Home Affordability Calculator
Find out how much house you can realistically afford based on your income and debts.
How Is Home Affordability Calculated?
Lenders primarily use two metrics: your Debt-to-Income (DTI) ratio and your down payment. The DTI ratio is the percentage of your gross monthly income that goes toward paying debts. Most conventional lenders prefer a DTI ratio of 36% to 43%, though some programs allow up to 50%.
Our calculator uses the "Front-End" and "Back-End" logic. It calculates the maximum monthly mortgage payment you can afford by taking your monthly gross income, multiplying it by your target DTI, and then subtracting your existing monthly debt obligations (like car loans or student debt).
Realistic Example
Imagine a couple with a combined Annual Income of $100,000. Their monthly gross income is approximately $8,333. If they aim for a 36% DTI ratio, their total monthly debt ceiling is $3,000. If they already pay $500/month for a car loan, they have $2,500 left for a mortgage payment.

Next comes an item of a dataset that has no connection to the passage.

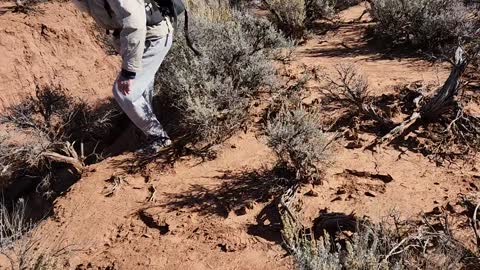 Jumping in a wash in Arizona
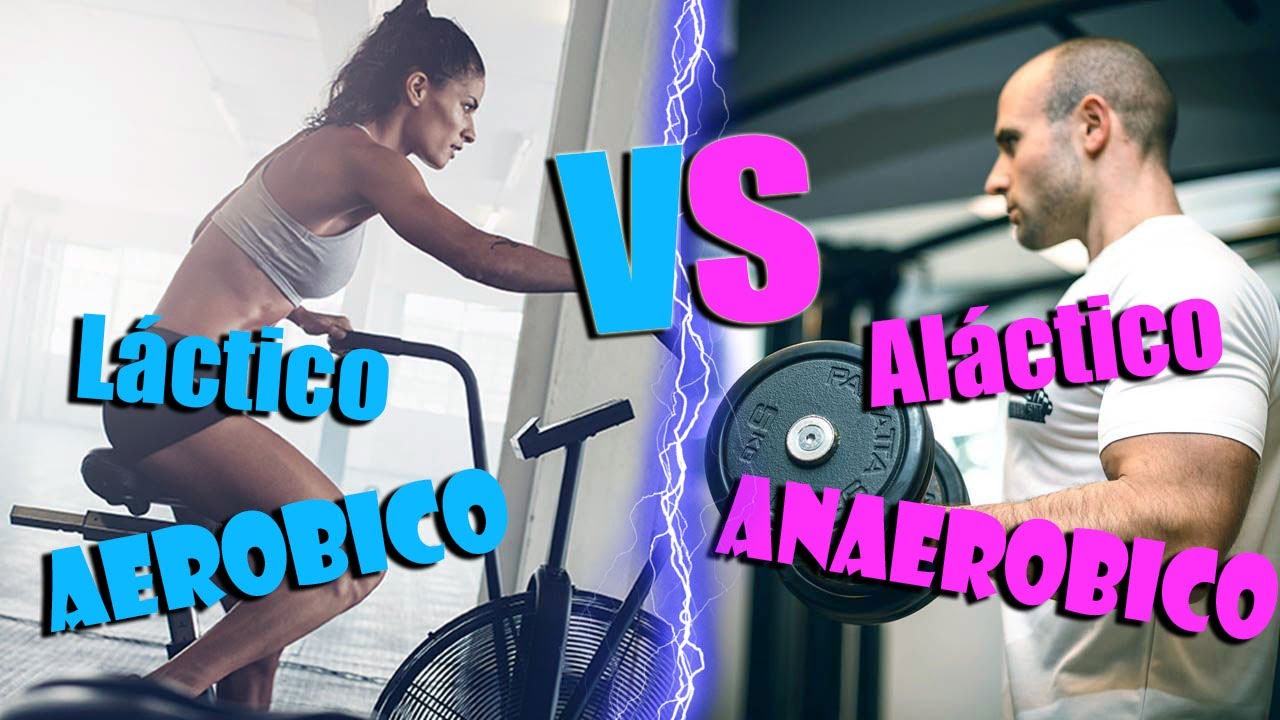 VÍAS ENERGÉTICAS ¿Aeróbico/Anaeróbico? - EXPLICACIÓN FÁCIL Y ACTUALIZADA | HIGHFITNESS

With a 6.5% interest rate and a $60,000 down payment, they could potentially afford a home priced around $455,000.
Key Factors Impacting Your Budget
- Interest Rates: Even a 1% shift in interest rates can change your purchasing power by tens of thousands of dollars.
- Down Payment: A larger down payment reduces your loan-to-value ratio, often securing better rates and eliminating Private Mortgage Insurance (PMI).
- Credit Score: Higher scores unlock lower interest rates, which directly increases the "purchase price" you can afford for the same monthly payment.